Your goal
Begin with the line where "Women'S Seamless Bra" appears. Set down that line and the rest of the records below it exactly as given.
[Data shown]
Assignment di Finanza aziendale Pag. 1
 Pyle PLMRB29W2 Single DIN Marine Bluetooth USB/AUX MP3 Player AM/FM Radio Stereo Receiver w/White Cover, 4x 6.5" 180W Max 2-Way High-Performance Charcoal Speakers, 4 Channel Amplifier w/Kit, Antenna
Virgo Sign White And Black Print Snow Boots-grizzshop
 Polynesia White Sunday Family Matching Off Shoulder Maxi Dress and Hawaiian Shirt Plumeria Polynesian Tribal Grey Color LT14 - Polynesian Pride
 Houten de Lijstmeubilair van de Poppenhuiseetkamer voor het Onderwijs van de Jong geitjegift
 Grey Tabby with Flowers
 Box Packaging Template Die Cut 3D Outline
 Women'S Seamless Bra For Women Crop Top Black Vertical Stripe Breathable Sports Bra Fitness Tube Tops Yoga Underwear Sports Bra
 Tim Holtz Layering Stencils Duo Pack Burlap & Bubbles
[/Data shown]
Response area
 Women'S Seamless Bra For Women Crop Top Black Vertical Stripe Breathable Sports Bra Fitness Tube Tops Yoga Underwear Sports Bra
 Tim Holtz Layering Stencils Duo Pack Burlap & Bubbles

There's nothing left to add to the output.